** GIVEN RECORDS follows **

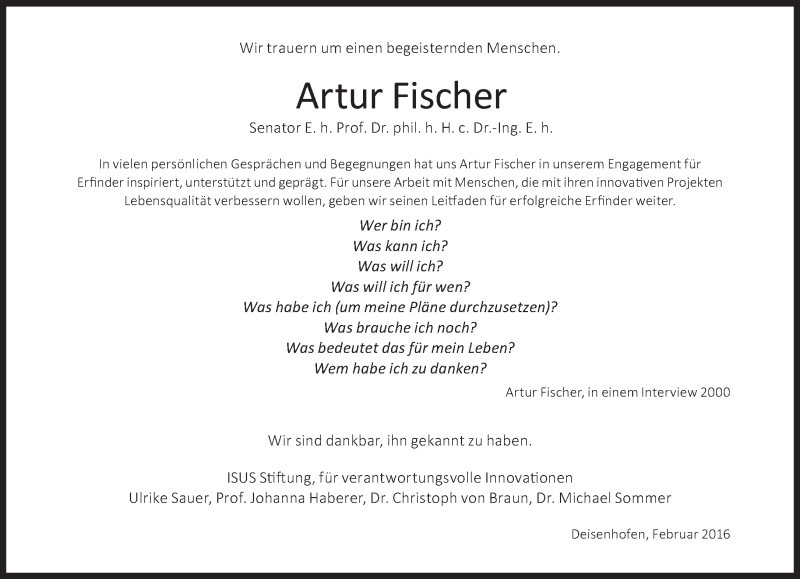  Traueranzeige für Artur Fischer vom 06.02.2016 aus Süddeutsche Zeitung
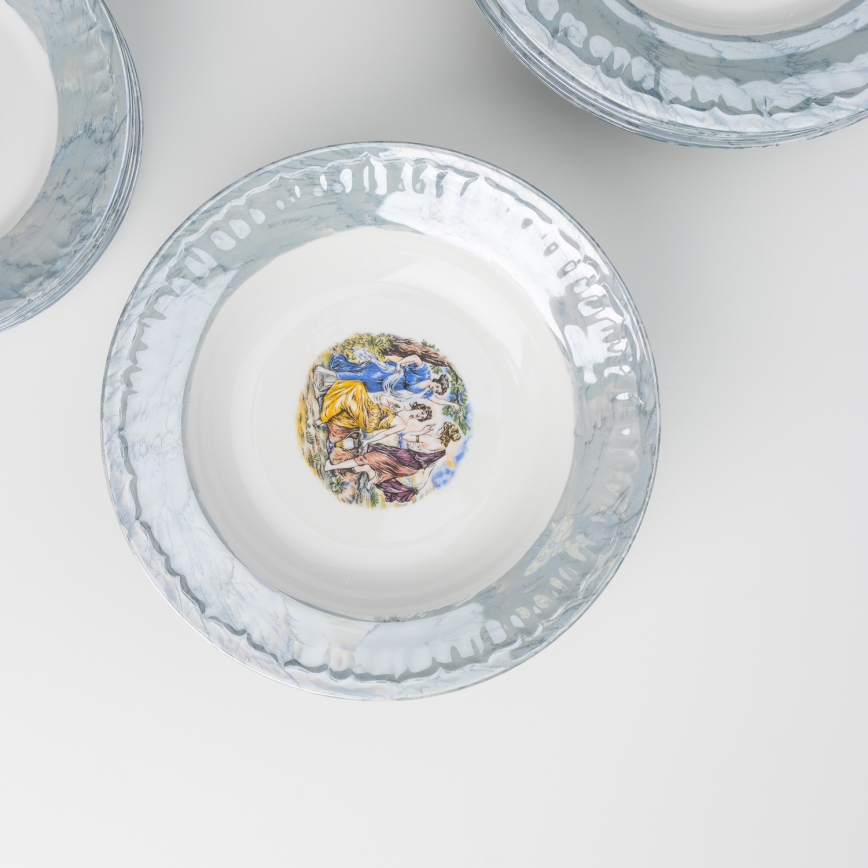 Lot 18x assiette en porcelaine marbrée bleue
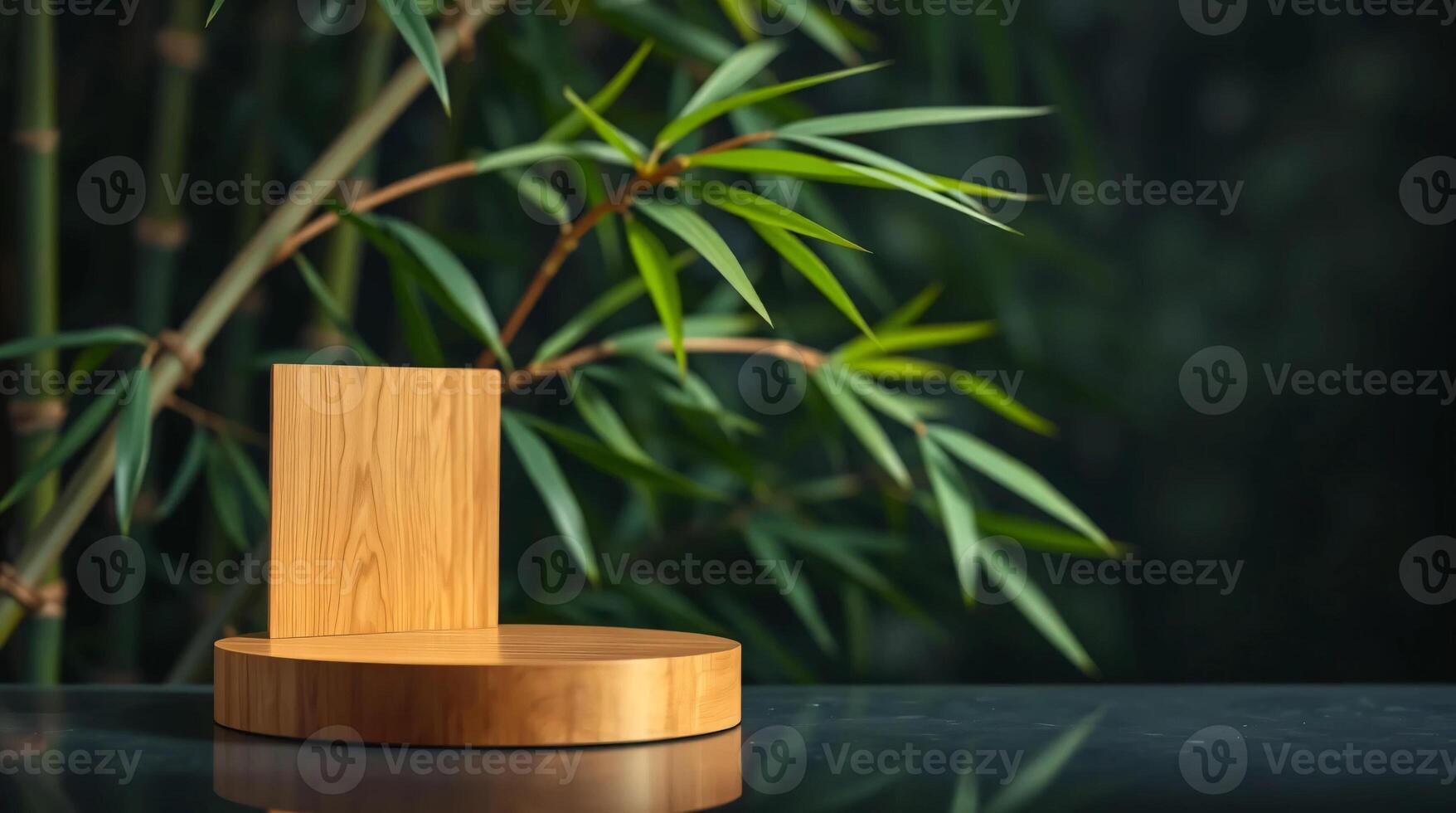 A wooden stand with a bamboo plant in the background photo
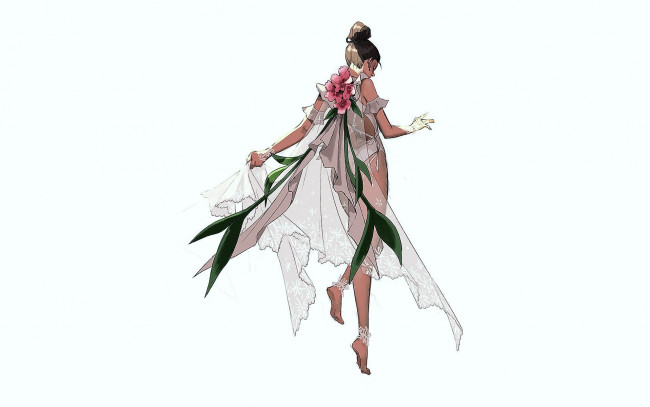 Обои картинки фото рисованное, люди, девушка, цветок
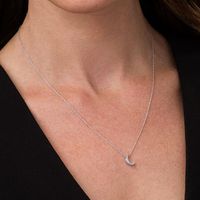 Aquamarine Crescent Moon Pendant in Sterling Silver|Peoples Jewellers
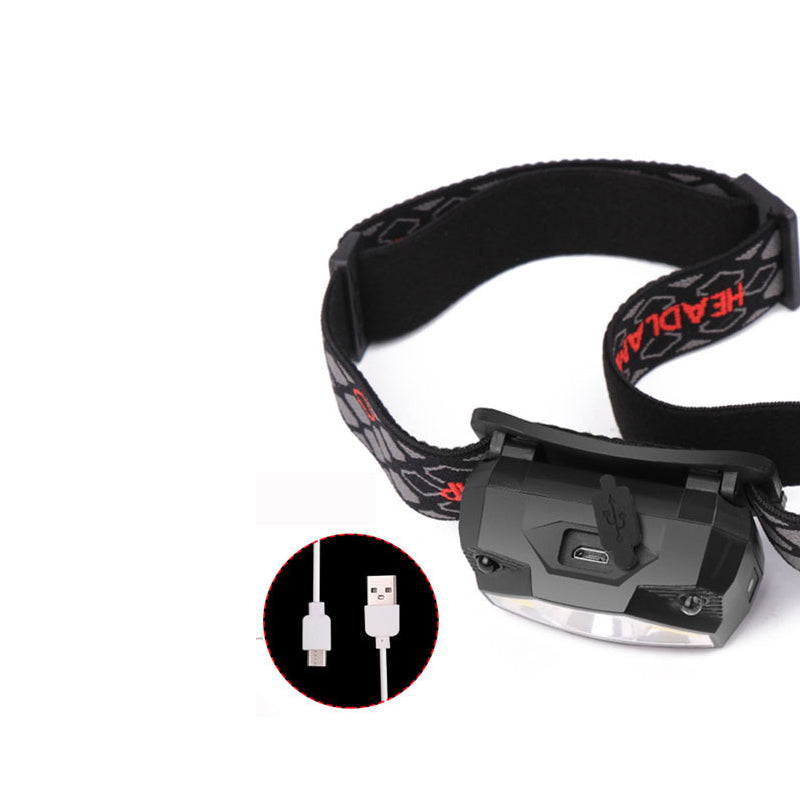 XANES W826A 650LM XPG+2xCOB LED Induction Sensor Headlamp USB Charging 6 Modes Waterproof Double Switch Fishing Light Flashlight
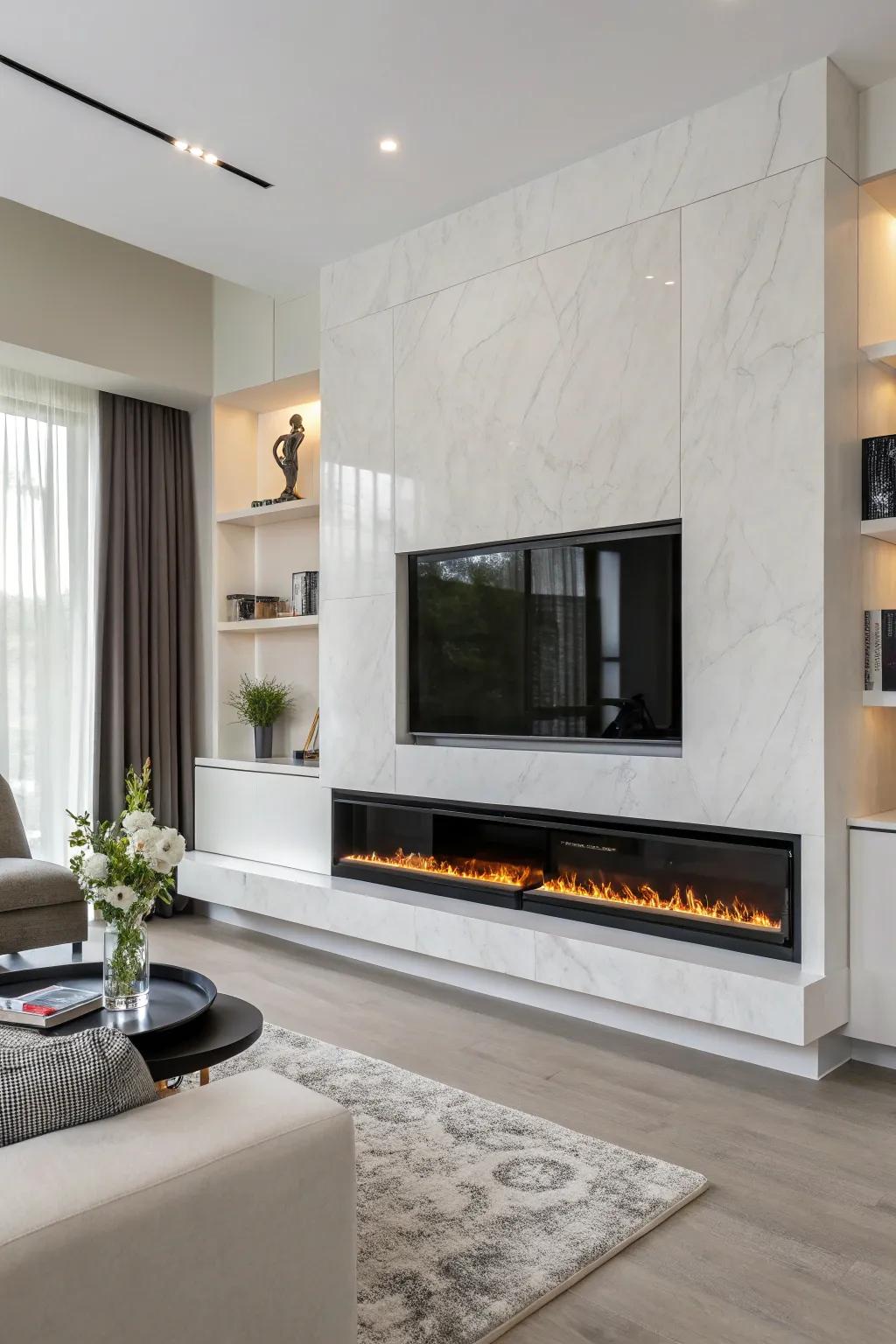 A slim electric fireplace offers sophistication without renovations.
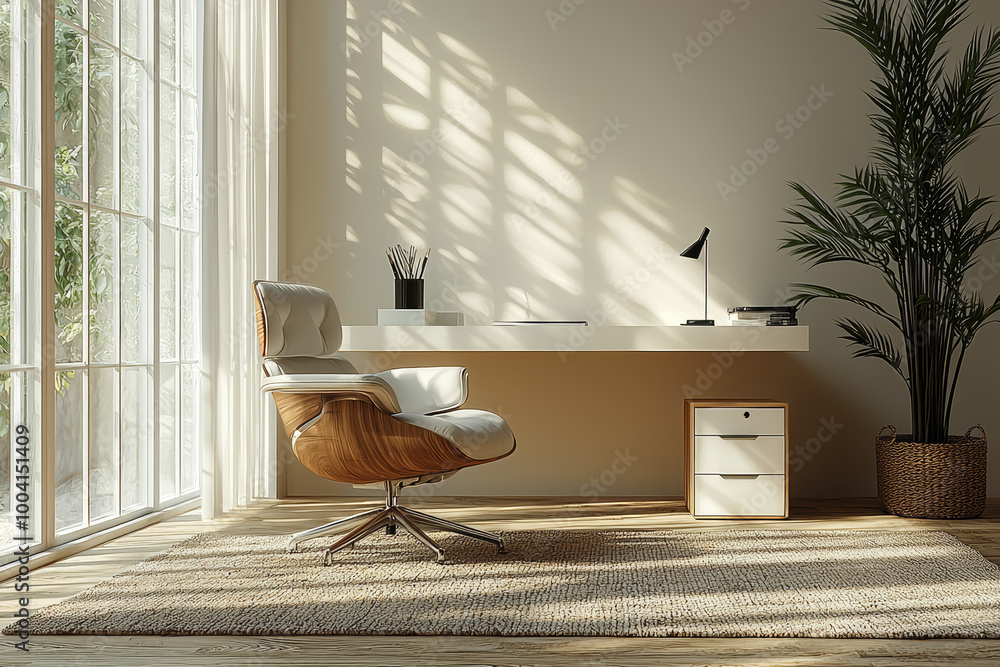 Aufkleber a minimalist workspace with a lone chair and a clean desk, emphasizing simplicity and efficiency in 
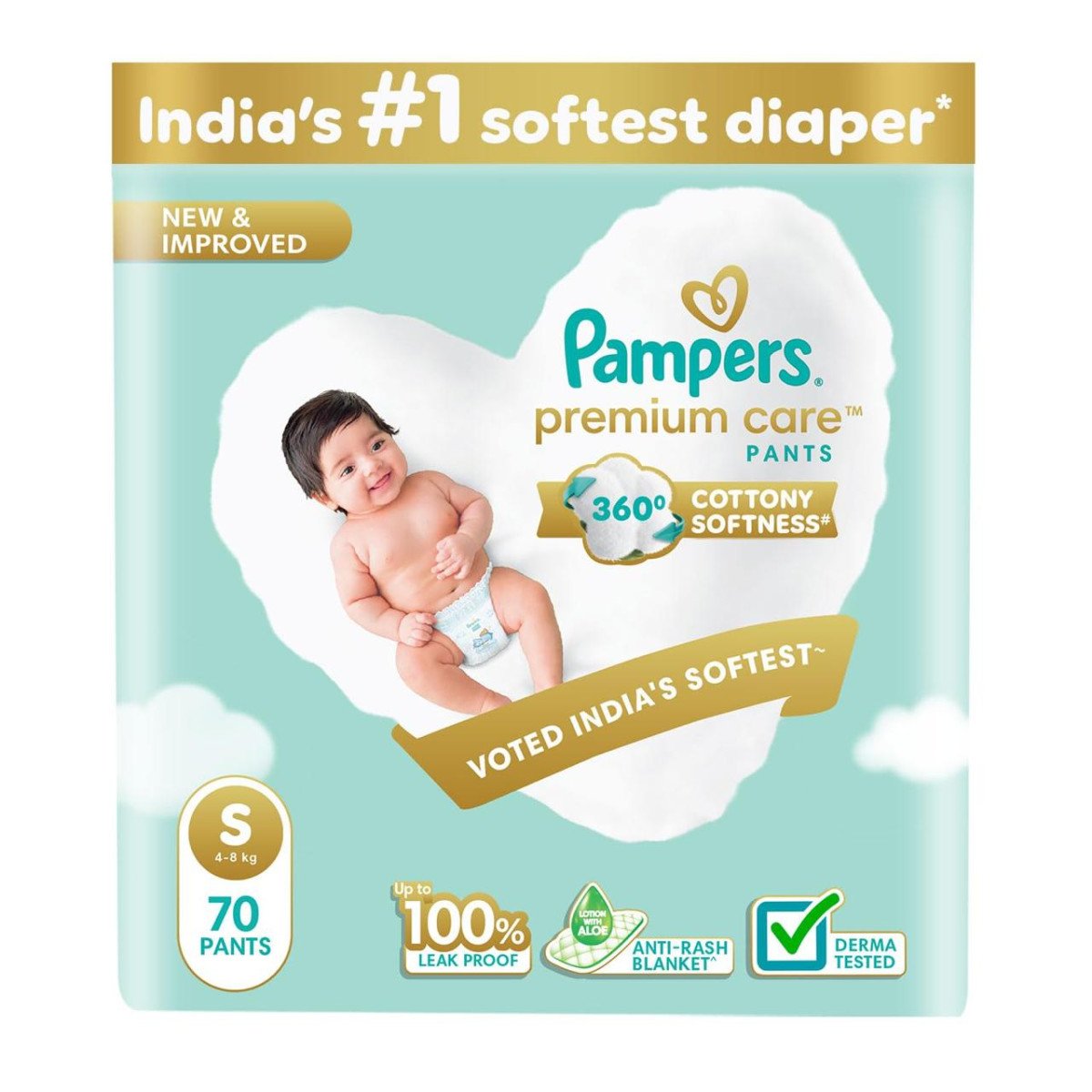 Pampers Premium Care Pant Style Baby Diapers Small (s Size) 70 Count 531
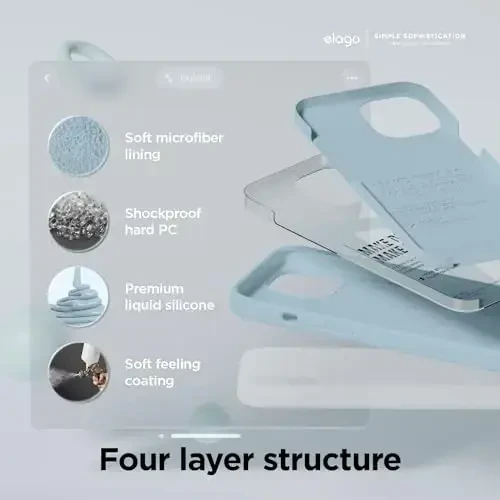 elago iPhone 15 Case bilan mos keladi, Suyuq silikon g'ilof, To'liq tana himoya qopqog'i, Zarba o'tkazmaydigan, Yupqa dizayn, Tirnalishga qarshi yumshoq mikrofiber astar, 6,1 dyuym (Moviy osmon) - 4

** End of GIVEN RECORDS **

* TASK GOAL:
Letter for letter, reproduce every record above and skip the pictures.

* RESPONSE TO THIS TASK:
  Traueranzeige für Artur Fischer vom 06.02.2016 aus Süddeutsche Zeitung
 Lot 18x assiette en porcelaine marbrée bleue
 A wooden stand with a bamboo plant in the background photo
 Обои картинки фото рисованное, люди, девушка, цветок
 Aquamarine Crescent Moon Pendant in Sterling Silver|Peoples Jewellers
 XANES W826A 650LM XPG+2xCOB LED Induction Sensor Headlamp USB Charging 6 Modes Waterproof Double Switch Fishing Light Flashlight
 A slim electric fireplace offers sophistication without renovations.
 Aufkleber a minimalist workspace with a lone chair and a clean desk, emphasizing simplicity and efficiency in 
 Pampers Premium Care Pant Style Baby Diapers Small (s Size) 70 Count 531
 elago iPhone 15 Case bilan mos keladi, Suyuq silikon g'ilof, To'liq tana himoya qopqog'i, Zarba o'tkazmaydigan, Yupqa dizayn, Tirnalishga qarshi yumshoq mikrofiber astar, 6,1 dyuym (Moviy osmon) - 4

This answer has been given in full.